There are disks, drives, partitions, physical and logical volumes, and logical unit numbers (LUNs). Each represents a way to break big chunks of storage into bite-size pieces. Similarly in networking, the different areas of the network can be divided into sections as a sensible security strategy. This provides a great way of protecting data and storage systems from attack. If the bad actors get in one door, they may be able to do damage in that area, but they now have to break down further doors to access more data or systems.
Here are some of the top trends in network segmentation:
1. The promise of lift and shift sours
Many companies moved to the cloud on the premise that costs would be cheaper. They engaged consulting companies or partners to help them lift their existing applications and shift their applications, systems, storage, and backup systems to the cloud.
But doing the same exact thing from a different location doesn’t always have the tangible benefits that users hoped for, said Mike Bushong, group VP, cloud-ready data center, Juniper Networks.
He thinks the future will be decidedly more hybrid but not in the way that applications will dynamically move from on-prem to cloud and back. Applications that are not cloud native but that are still needed will likely stay where they are. New applications will be built with a specific hosting location in mind.
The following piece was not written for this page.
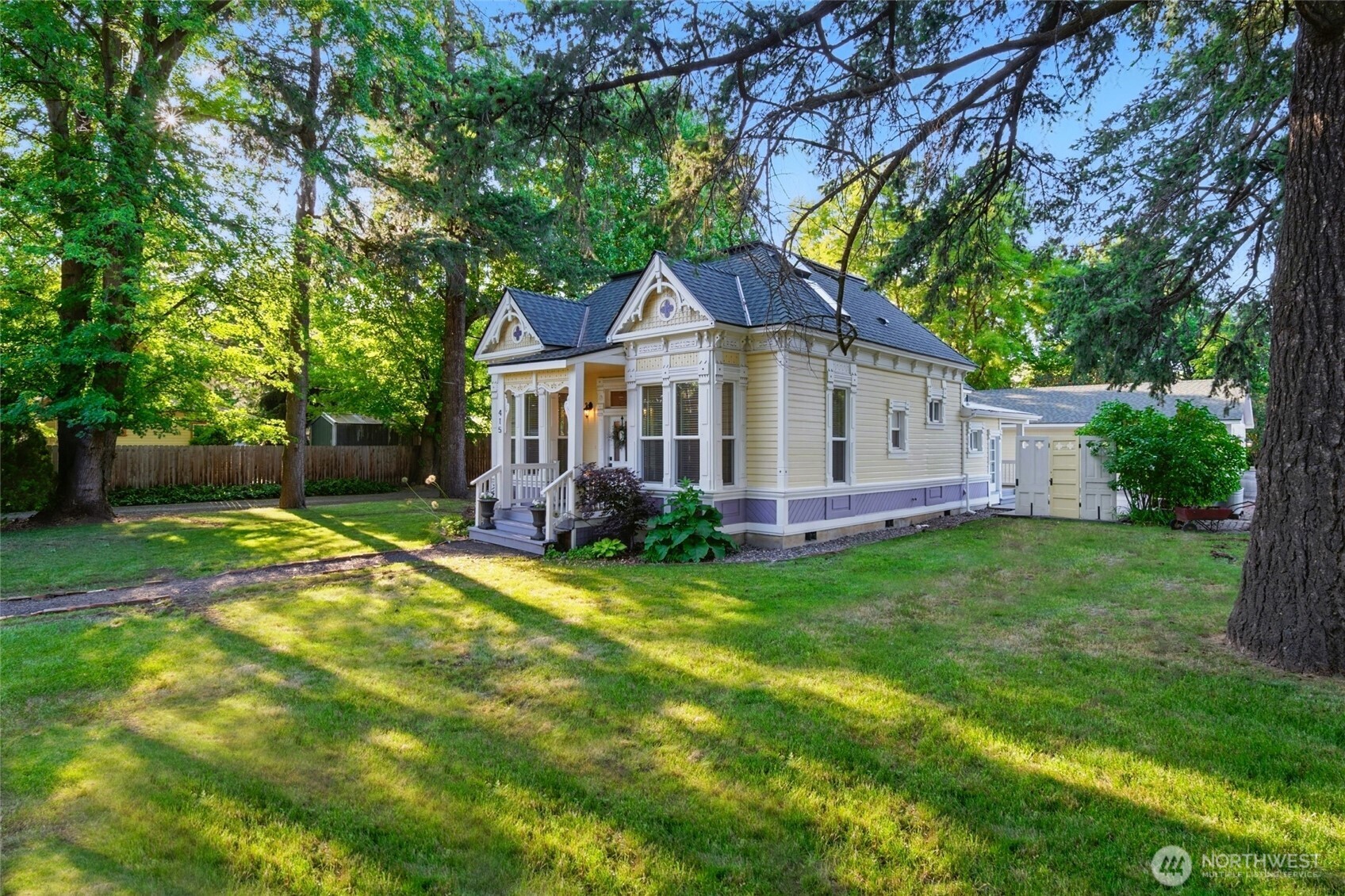 415 Preston Avenue , Waitsburg, WA 99361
And they will largely remain in the cloud.
“The move to the cloud will have given these companies a taste of cloud operations, and that will be enough to trigger a general adoption of cloud-like workflows and interfaces in on-prem infrastructure,” Bushong said.
“The promise of lift and shift has begun to sour.”
2. Responding to ransomware
Network segmentation is rising in profile as the number of ransomware attacks increases, along with their overall effectiveness.
U.S. banks processed $1.2 billion in ransomware payments last year. That’s triple what it was from the year before, and the total is expected to be even higher in 2022.
Roughly around half of all attacks are attributed to suspected foreign cyber hackers. Clearly, this poses huge security implications for the entire country.
Tarun Thakur, founder of data security platform company Veza, believes over-privilege is a huge part of the problem. He noted that current infrastructure lacks the necessary security measures that can help prevent bad actors from getting access to the data in the first place. Too many businesses do not have access and privilege management tools in place, creating serious implications for the customers they serve.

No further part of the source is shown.